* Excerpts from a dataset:
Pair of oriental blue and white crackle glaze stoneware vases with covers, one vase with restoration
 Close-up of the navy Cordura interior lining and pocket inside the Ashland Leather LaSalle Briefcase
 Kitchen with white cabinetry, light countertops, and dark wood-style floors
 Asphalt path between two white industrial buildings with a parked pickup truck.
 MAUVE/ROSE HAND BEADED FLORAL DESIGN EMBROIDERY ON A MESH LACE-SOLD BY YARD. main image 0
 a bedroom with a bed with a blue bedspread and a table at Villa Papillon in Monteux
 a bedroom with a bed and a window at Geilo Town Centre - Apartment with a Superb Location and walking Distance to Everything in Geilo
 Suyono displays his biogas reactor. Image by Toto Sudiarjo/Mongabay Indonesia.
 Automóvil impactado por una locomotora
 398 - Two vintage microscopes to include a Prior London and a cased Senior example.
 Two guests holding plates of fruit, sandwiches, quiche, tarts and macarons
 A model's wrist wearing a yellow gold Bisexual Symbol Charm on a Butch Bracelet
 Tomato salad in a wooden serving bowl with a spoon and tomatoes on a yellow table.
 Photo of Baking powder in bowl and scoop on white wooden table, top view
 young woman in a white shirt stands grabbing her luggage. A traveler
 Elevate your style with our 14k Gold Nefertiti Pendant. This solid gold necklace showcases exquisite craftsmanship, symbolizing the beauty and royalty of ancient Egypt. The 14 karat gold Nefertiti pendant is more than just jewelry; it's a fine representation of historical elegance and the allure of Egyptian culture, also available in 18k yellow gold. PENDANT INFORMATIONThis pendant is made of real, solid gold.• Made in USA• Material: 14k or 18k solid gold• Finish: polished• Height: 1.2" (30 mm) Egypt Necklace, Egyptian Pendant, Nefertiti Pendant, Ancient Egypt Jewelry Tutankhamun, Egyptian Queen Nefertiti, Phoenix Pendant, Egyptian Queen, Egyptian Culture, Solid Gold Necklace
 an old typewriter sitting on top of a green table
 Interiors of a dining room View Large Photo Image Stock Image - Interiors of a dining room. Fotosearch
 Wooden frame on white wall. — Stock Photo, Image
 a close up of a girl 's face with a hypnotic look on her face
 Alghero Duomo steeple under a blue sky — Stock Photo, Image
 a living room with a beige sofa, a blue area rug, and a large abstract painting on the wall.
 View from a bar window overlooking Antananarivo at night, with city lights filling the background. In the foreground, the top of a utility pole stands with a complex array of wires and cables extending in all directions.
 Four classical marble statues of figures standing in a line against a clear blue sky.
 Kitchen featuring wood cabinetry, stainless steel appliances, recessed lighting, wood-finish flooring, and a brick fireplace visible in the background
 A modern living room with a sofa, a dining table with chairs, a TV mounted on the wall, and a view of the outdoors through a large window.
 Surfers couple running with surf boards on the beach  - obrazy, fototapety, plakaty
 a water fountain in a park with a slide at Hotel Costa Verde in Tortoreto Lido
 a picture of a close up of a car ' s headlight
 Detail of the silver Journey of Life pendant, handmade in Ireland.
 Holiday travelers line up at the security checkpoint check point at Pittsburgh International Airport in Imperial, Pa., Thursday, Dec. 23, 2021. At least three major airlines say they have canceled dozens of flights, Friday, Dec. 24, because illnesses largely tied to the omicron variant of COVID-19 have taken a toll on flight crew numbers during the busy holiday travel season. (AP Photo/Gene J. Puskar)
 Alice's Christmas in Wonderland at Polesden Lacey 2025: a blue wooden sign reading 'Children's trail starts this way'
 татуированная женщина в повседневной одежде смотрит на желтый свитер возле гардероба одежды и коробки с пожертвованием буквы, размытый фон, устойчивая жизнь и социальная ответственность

* Exercise directions:
All of the lines above need to be given again exactly.

* Task answer:
Pair of oriental blue and white crackle glaze stoneware vases with covers, one vase with restoration
 Close-up of the navy Cordura interior lining and pocket inside the Ashland Leather LaSalle Briefcase
 Kitchen with white cabinetry, light countertops, and dark wood-style floors
 Asphalt path between two white industrial buildings with a parked pickup truck.
 MAUVE/ROSE HAND BEADED FLORAL DESIGN EMBROIDERY ON A MESH LACE-SOLD BY YARD. main image 0
 a bedroom with a bed with a blue bedspread and a table at Villa Papillon in Monteux
 a bedroom with a bed and a window at Geilo Town Centre - Apartment with a Superb Location and walking Distance to Everything in Geilo
 Suyono displays his biogas reactor. Image by Toto Sudiarjo/Mongabay Indonesia.
 Automóvil impactado por una locomotora
 398 - Two vintage microscopes to include a Prior London and a cased Senior example.
 Two guests holding plates of fruit, sandwiches, quiche, tarts and macarons
 A model's wrist wearing a yellow gold Bisexual Symbol Charm on a Butch Bracelet
 Tomato salad in a wooden serving bowl with a spoon and tomatoes on a yellow table.
 Photo of Baking powder in bowl and scoop on white wooden table, top view
 young woman in a white shirt stands grabbing her luggage. A traveler
 Elevate your style with our 14k Gold Nefertiti Pendant. This solid gold necklace showcases exquisite craftsmanship, symbolizing the beauty and royalty of ancient Egypt. The 14 karat gold Nefertiti pendant is more than just jewelry; it's a fine representation of historical elegance and the allure of Egyptian culture, also available in 18k yellow gold. PENDANT INFORMATIONThis pendant is made of real, solid gold.• Made in USA• Material: 14k or 18k solid gold• Finish: polished• Height: 1.2" (30 mm) Egypt Necklace, Egyptian Pendant, Nefertiti Pendant, Ancient Egypt Jewelry Tutankhamun, Egyptian Queen Nefertiti, Phoenix Pendant, Egyptian Queen, Egyptian Culture, Solid Gold Necklace
 an old typewriter sitting on top of a green table
 Interiors of a dining room View Large Photo Image Stock Image - Interiors of a dining room. Fotosearch
 Wooden frame on white wall. — Stock Photo, Image
 a close up of a girl 's face with a hypnotic look on her face
 Alghero Duomo steeple under a blue sky — Stock Photo, Image
 a living room with a beige sofa, a blue area rug, and a large abstract painting on the wall.
 View from a bar window overlooking Antananarivo at night, with city lights filling the background. In the foreground, the top of a utility pole stands with a complex array of wires and cables extending in all directions.
 Four classical marble statues of figures standing in a line against a clear blue sky.
 Kitchen featuring wood cabinetry, stainless steel appliances, recessed lighting, wood-finish flooring, and a brick fireplace visible in the background
 A modern living room with a sofa, a dining table with chairs, a TV mounted on the wall, and a view of the outdoors through a large window.
 Surfers couple running with surf boards on the beach  - obrazy, fototapety, plakaty
 a water fountain in a park with a slide at Hotel Costa Verde in Tortoreto Lido
 a picture of a close up of a car ' s headlight
 Detail of the silver Journey of Life pendant, handmade in Ireland.
 Holiday travelers line up at the security checkpoint check point at Pittsburgh International Airport in Imperial, Pa., Thursday, Dec. 23, 2021. At least three major airlines say they have canceled dozens of flights, Friday, Dec. 24, because illnesses largely tied to the omicron variant of COVID-19 have taken a toll on flight crew numbers during the busy holiday travel season. (AP Photo/Gene J. Puskar)
 Alice's Christmas in Wonderland at Polesden Lacey 2025: a blue wooden sign reading 'Children's trail starts this way'
 татуированная женщина в повседневной одежде смотрит на желтый свитер возле гардероба одежды и коробки с пожертвованием буквы, размытый фон, устойчивая жизнь и социальная ответственность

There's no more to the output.